| BRIEF |
Restate exactly the lines below, from the one containing "All the grass" through the final line, and leave out the pictures.

| DATA PROVIDED |
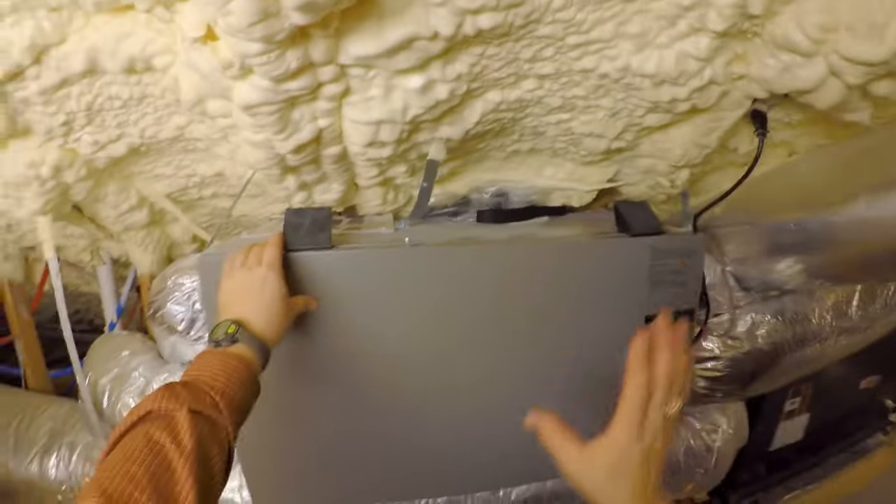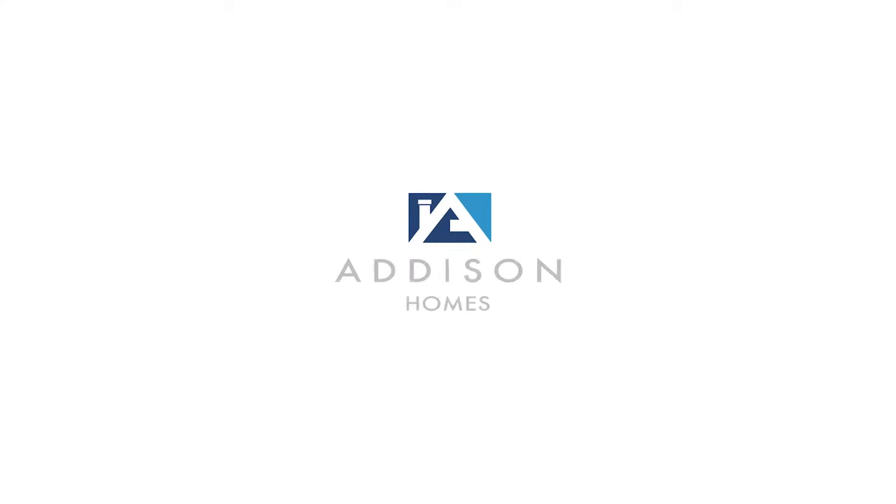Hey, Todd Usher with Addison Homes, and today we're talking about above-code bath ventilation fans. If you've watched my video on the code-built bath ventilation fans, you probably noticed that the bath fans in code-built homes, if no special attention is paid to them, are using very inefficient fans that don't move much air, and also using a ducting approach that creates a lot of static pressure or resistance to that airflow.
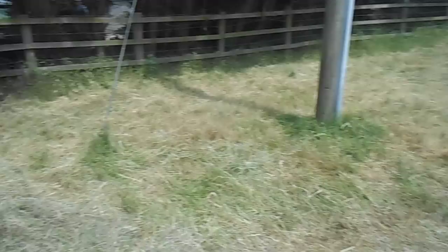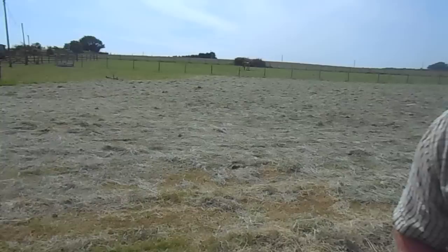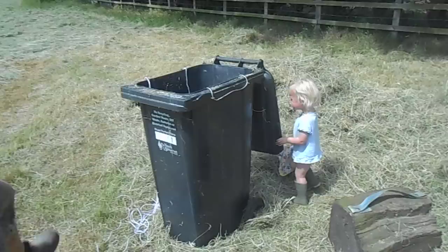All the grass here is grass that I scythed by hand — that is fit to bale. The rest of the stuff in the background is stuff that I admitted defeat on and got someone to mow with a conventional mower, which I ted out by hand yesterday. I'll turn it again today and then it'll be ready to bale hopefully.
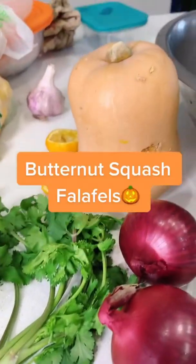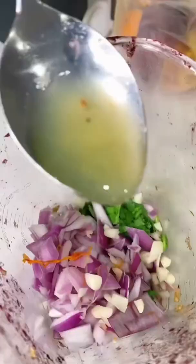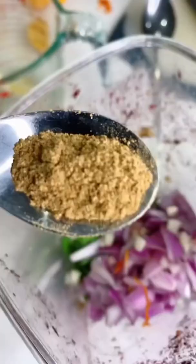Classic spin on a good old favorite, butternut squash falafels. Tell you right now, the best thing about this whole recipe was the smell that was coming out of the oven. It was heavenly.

| PROBLEM SOLUTION |
All the grass here is grass that I scythed by hand — that is fit to bale. The rest of the stuff in the background is stuff that I admitted defeat on and got someone to mow with a conventional mower, which I ted out by hand yesterday. I'll turn it again today and then it'll be ready to bale hopefully.
Classic spin on a good old favorite, butternut squash falafels. Tell you right now, the best thing about this whole recipe was the smell that was coming out of the oven. It was heavenly.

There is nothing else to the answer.